Granted, there are some difficult elements in Paul's biography. It's doubtful he was very devout, as he delayed his ordination well into his church career, which he probably owed to his sister's relationship to the Borgia pope. He had numerous illegitimate children. For whom he carved out careers and titles for them at the expense of the papal patrimony. He made his 14 year old grandson a cardinal. Nor was the external situation he inherited promising. At his accession, the reformation was gaining traction across Germany, England had gone over the divorce, and only seven years before, his staunchest 'ally' had led an army into Italy that sacked Rome itself. 

By the time he died though, the catholic church was back. It took longer than his fifteen year reign to remodel the church, but the foundations were all laid under Paul: the Council of Trent was called, the Curia subject to proper scrutiny, the Jesuits founded, some nice art commissioned, and the work on improving the quality of priests begun. All these were to prove difficult, the latter so much so that Paul IV (1555-59) resorted to condemning errant monks to the galleys. Nonetheless, in 1534, the church chose a politician, a leader, and an administrator rather than a saint or a theologian, and it has many reasons to be thankful it did.

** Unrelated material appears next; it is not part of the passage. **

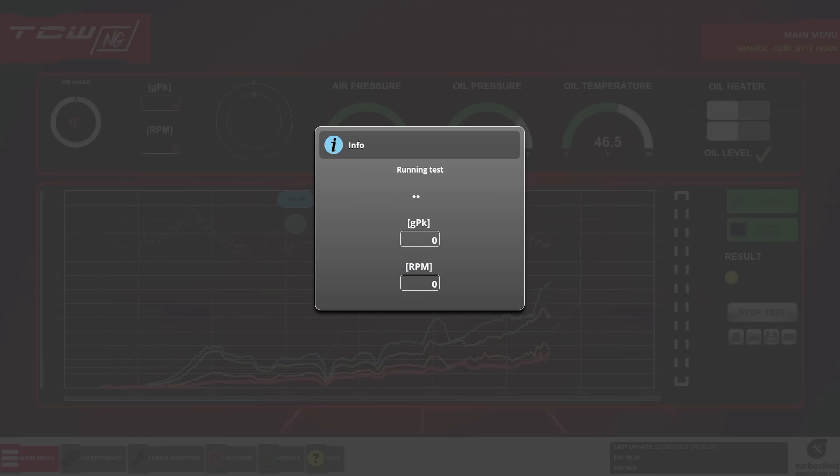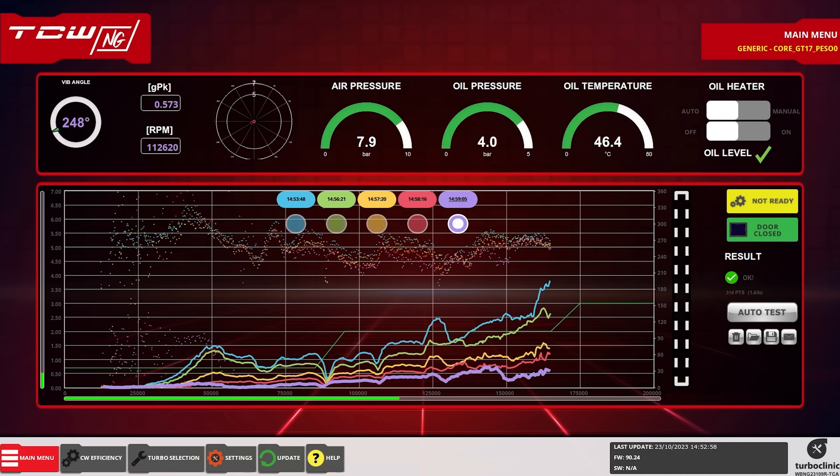We do another test and see that the turbo vibration is below the green line, which means that the turbo is correctly balanced, but we can repeat the process until we improve the line to the desired values.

Were I catholic, and a cardinal, I would be looking to find the modern equivalent of Paul III.

Friday, 1 March 2013

Bibliography, February 2013

BOTM: M. Atwood, The Blind Assassin

R. Blake, The Blood of Alexandria
S.C. Gwynne, Empire of the Summer Moon
W. Somerset Maugham, Cakes and Ale
J.R.R. Tolkein, The Silmarillion*
A. Zamoyski, Rites of Peace

It's been a great month for quality, if not quantity. Four of the six books here would have been contenders for BOTM at another time. Gwynne's account of the Commanche was lively and engrossing, though didn't always live up to its own rhetoric. Zamoyski on the Congress of Vienna is a great excavation of a very complex moment in history, which also alerted me to the fact the Kissinger's doctoral thesis was on the same subject. I'm surprised I've never read Maugham before, but Cakes and Ale was brilliant, waspish, and very nicely done, if a little slight. However, all were worse than Atwood's Booker winner. I've not always gotten on with Atwood. I thought the Handmaids Tale clumsy and boring, while I found some of her earlier books unreadable. This is a masterpiece. Despite being very obviously literary in construction - it's a book with a book inside it which itself has a book inside it - it's compelling, magisterially written and still manages a good twist (or two) at the end. A triumph.

Tuesday, 5 February 2013

The other Presley

When Andover-born Reginald Hall was searching for a stage name, he opted for one that looked very much like delusions of grandeur. He didn't care - and Reg Presley and the Troggs were born. He died yesterday and I've been playing them all morning. In truth, there are only five tracks that have stood the test of time, but what tracks. A world without Wild thing, With a girl like you, Any way that you want me, I can't control myself (all 1966) and Love is all around (1968) would be a much poorer one.

A world without Reg Presley would have been a much poorer one too. Despite his lack of chart success since 1968, he and the Troggs played on for the following four decades - only his final ill health ending it last year. Along the way his songs burst occasionally into public consciousness, Wet Wet Wet's version of Love is all around making him a fortune in the 1990s. He was also a proper eccentric, in a fine English tradition. Obsessed with UFOs, he spent the money he made on researching them, published here. There aren't many people who connect Jimi Hendrix (who also covered Wild Thing) with standing around in wet English fields looking at crop circles. Reg Presley may even be unique in this respect.

In the obituaries, he was called a 'very real person in a sometimes very unreal world.' That's a fine tribute, and a very fine one for a pop star. We should have more people like him, and now we've one fewer. Farewell.